Step 3: Candidate Prioritization

After these types of evaluations have been completed, Recruiters and HR practitioners move to shorten the list of viable applicants. When using the competency-based approach, they work with managers to compare evidence of competencies with competency-based selection criteria. Recruiters and HR practitioners should focus their attention on the applicants’ competencies as discovered and documented to the minimally acceptable, fully successful, or exemplary competency requirements for the department, occupation, work role, or job category. Individual competencies are therefore the primary criteria for narrowing the field of applicants.

 

Step 4: Final Candidate Selection

Finalists are chosen in the next step. What is the difference between a traditional approach and a competency-based approach at this stage of the selection process? The traditional approach relies on a considerable number of assumptions about a candidate’s qualifications, based on superficial evidence of ability, such as academic degrees or work and salary history. In a competency-based approach, the guesswork is largely eliminated. The goal of competency-based selection is to go beyond the superficial to discover real evidence of ability to perform, based on interview questions that explore actual experience or work samples that verify an applicant’s ability to create outputs much like those required for the position. Persons with little experience may be tested for the ability to create the work products necessary for job success.

 

Step 5: Interviewing

The next and final phase of the traditional selection process centers on formal interviews and final selection. Competency-based selection relies on carefully planned behavioral interviews. Much attention is focused on the interview questions, how they are asked, the setting, and the approach used to assess results.

Competency-based interviewing has been used by many organizations for more than ten years. In developing an interview tool for a specific position, key criteria to succeed are identified by a relevant manager and experienced high-performing staff. Expectations for the job are developed along with a job description. Questions are then prioritized, and the method of interviewing is determined. Many organizations have found that an important consideration for the interviews is matching the number of questions to the amount of time for the interview. It is critical that applicants are prescreened, and that an accurate determination is made as to whether eligibility requirements are met. This allows the necessary time to be invested only in those applicants who are truly viable for the position in question.

Panels are often preferable in competency-based interviews; however, an individual can also conduct an effective interview. At many organizations, a panel of two or three members, including the first-line manager, and experienced staff members, is often used. Sometimes an applicant is interested in more than one position, and then other appropriate interviewers are included on the panel.

Before the interview is conducted, representatives of the organization welcome the applicant and introductions are made. An overview of the interview is then provided to the applicant. Organizations find that it is beneficial to indicate to the applicant that the interview will provide the opportunity to share work experiences as well as the demonstration of both skills and capabilities. The applicant is also informed that there will be notes taken during the interview. While the interview is taking place, interviewers rate both verbal and non-verbal responses to questions and scenarios that afford the opportunity for both objectivity and consistency. It also serves as a reminder following the interview.

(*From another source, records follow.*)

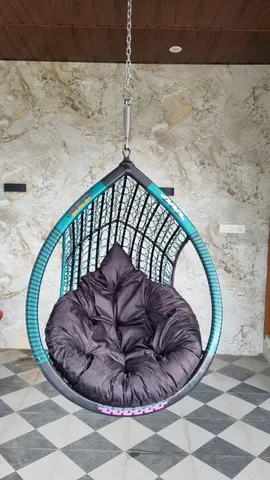 Hanging Jhula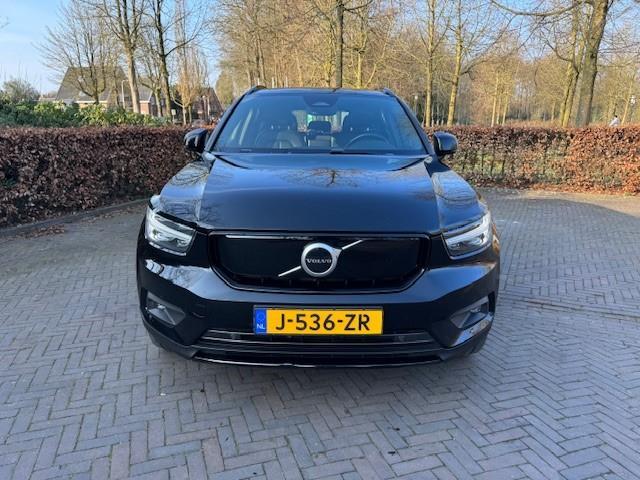 Volvo XC40 Recharge P8 AWD R-Design/Acarplay/Leer/Led/Garantie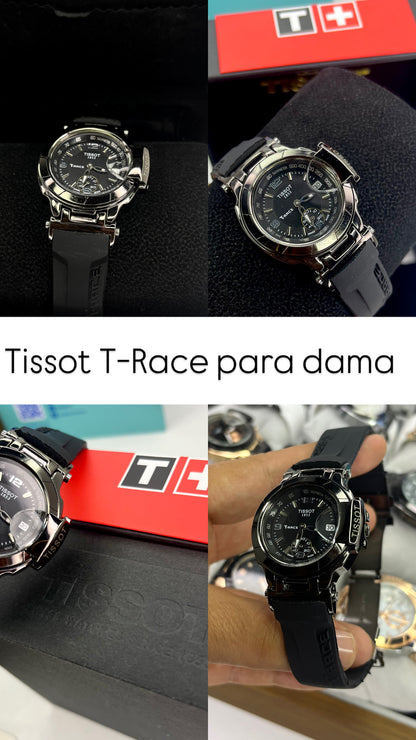 TISSOT T-RACE PARA DAMA REF-NN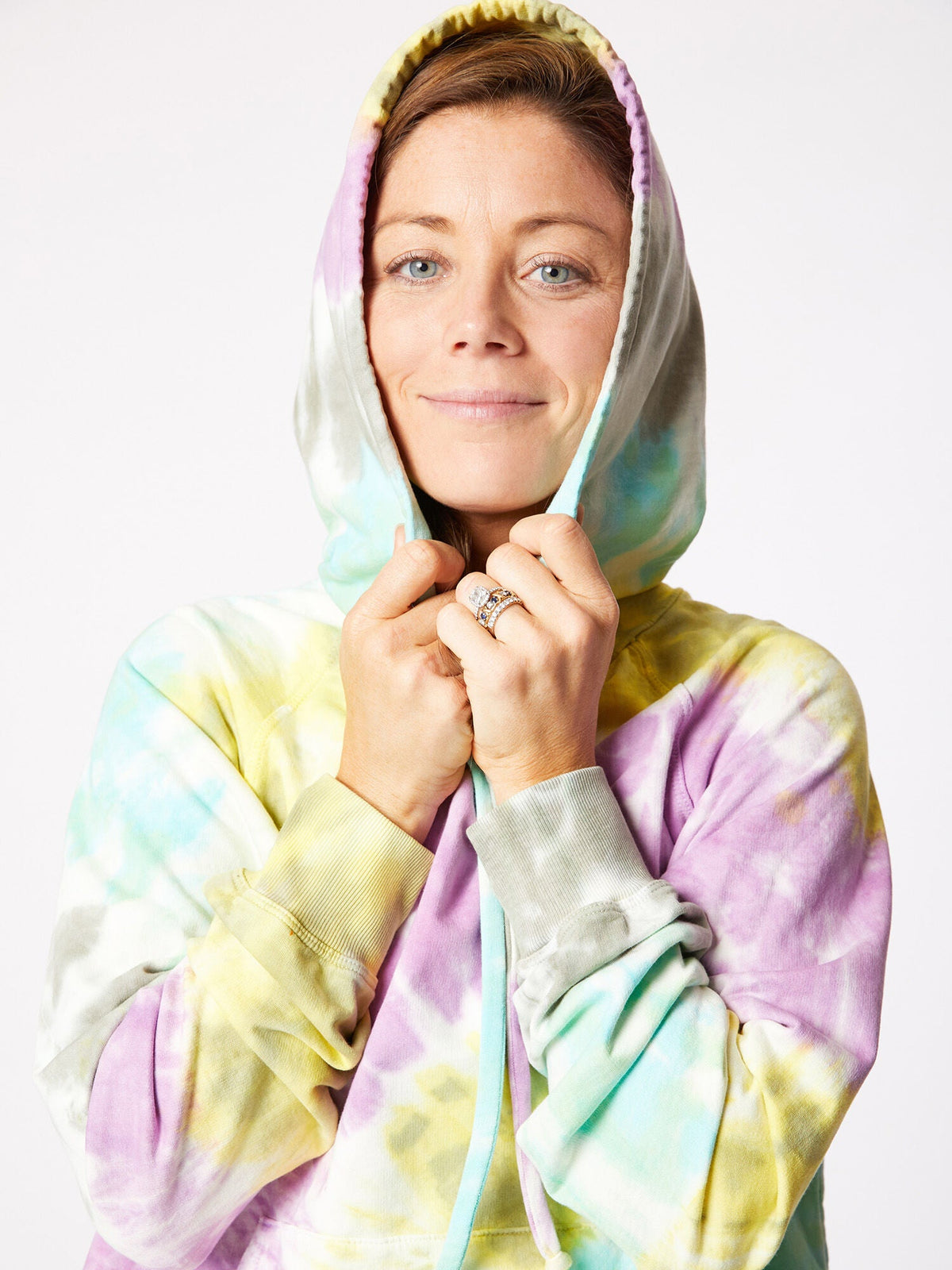 BOYFRIEND HOODIE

Ratings and the methodology of how they are developed and applied are critical to success. Ratings are typically done independently without any discussion. Final scores are calculated by figuring the percentage of each rating based on the possible number. Finally, it is determined which applicant is the best match by those conducting the interview. In arriving at a decision, competencies are considered as are the learning needs and the willingness of staff and the organization to support training.

 

Step 6: Process Validation

One thing many organizations fail to undertake is to validate the selection decision. In a competency-based process, HR practitioners work with the new employees’ managers to determine how well performance matches up to expectations and work requirements.

A key consideration is the demonstration of competencies within the employer’s unique corporate culture for example.

A competency-based, multi-rater feedback process is just one of many possible methods. Or employees and their immediate supervisors might participate in a two-part probationary performance management process in which both parties provide competency and results ratings.

 

In summary, there are significant differences between traditional and competency-based employee recruitment and selection processes. Consequently, making a transition to a competency-based approach requires considerable time, money, and effort on the part of the organization and its HR staff. The benefits, however, invariably exceed the costs as the competency-based approach increases the percentage of exemplary performers within the organization providing true competitive advantage.